From the four characteristics named above, the third is perhaps the most complex and interesting one. Converging technologies´s greatest achievement is the advancement being done on the development of new kinds of interface between body and mind, or between intelligence and its material platform, the brain. Matter and mind are two levels of reality that are inextricably together, and still their interface remains largely uncharted.

So far there have been many attempts made on the conquest of AI, all of which fall short of coming close to replicating consciousness. However, when it comes to NBIC convergence, the question is a bit different. It is not about creating independent artificial minds, but about enhancing human minds artificially to an extent in which the categories of human intelligence and artificial intelligence could blend in. Converging technologies are making possible the emergence of hybrid forms of intelligence through the technological enhancement of our own.

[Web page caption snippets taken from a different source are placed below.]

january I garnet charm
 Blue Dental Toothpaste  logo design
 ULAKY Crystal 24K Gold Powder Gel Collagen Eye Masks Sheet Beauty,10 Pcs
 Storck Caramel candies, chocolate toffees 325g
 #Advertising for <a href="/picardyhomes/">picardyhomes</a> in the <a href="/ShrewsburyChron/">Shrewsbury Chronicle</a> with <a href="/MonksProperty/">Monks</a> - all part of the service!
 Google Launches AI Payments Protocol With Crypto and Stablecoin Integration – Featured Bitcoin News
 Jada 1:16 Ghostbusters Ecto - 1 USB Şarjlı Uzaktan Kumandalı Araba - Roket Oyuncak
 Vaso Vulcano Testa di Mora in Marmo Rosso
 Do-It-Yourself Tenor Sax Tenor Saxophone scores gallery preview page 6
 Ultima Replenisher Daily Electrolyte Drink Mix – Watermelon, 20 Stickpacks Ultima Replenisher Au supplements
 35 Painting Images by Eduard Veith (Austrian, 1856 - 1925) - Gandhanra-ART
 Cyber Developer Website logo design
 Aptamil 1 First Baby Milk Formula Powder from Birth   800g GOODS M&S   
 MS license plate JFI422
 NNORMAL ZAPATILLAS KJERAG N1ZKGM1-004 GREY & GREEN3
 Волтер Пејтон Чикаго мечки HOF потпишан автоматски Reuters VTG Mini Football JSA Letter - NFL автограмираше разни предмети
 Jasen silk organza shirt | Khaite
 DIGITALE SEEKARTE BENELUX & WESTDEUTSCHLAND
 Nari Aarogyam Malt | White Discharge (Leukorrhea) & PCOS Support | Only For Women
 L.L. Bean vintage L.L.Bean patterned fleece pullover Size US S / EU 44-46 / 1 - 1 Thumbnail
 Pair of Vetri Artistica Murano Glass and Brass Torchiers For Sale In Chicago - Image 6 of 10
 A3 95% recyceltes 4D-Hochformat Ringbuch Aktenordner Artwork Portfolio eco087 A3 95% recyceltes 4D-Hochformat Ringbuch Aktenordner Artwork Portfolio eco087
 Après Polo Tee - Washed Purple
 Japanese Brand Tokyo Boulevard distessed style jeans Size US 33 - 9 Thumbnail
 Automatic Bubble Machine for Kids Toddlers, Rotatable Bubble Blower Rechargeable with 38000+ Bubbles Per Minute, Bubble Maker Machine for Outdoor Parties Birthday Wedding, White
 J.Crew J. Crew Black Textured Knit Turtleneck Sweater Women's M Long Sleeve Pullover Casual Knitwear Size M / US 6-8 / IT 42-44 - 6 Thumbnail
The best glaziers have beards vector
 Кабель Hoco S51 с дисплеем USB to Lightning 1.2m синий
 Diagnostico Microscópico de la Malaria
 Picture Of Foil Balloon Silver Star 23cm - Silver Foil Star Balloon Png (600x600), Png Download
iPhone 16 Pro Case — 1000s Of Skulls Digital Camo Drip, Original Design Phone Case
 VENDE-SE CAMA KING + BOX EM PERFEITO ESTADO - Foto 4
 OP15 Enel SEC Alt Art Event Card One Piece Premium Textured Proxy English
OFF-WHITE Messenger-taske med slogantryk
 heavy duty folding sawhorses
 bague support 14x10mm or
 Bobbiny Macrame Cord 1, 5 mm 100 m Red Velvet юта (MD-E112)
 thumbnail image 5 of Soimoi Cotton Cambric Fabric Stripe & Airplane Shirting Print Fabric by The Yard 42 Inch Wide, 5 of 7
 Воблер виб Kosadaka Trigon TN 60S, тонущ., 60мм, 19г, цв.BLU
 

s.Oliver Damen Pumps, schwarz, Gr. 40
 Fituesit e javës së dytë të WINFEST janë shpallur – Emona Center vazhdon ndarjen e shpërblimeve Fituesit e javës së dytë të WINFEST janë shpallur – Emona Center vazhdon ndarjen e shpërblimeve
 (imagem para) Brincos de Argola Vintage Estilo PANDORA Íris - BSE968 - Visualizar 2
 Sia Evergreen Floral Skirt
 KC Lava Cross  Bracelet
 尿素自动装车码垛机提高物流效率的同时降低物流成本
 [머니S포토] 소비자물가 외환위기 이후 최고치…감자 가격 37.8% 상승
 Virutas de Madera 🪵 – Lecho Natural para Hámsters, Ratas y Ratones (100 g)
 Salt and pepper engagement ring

Levels of convergence among different realities begin to emerge. These levels of convergence occur at the interfaces between physical and mental states. Where one reality touches another, interacts with another – and therefore transforms another – we find convergence taking place.

2 Neurotechnology and Artificial Intelligence

By engineering and programming nano robots which possess certain amounts of AI, scientists are becoming able to introduce intelligent agents into all types of material and molecular structures. When these nano intelligent artifacts enter within the neural networks of a brain, they become part of the conscious experience of that brain. This is the new field of neurotechnology (Khushf, 2006). Intelligent nano agents are now close to being able to interfere directly within the consciousness experiences of a brain.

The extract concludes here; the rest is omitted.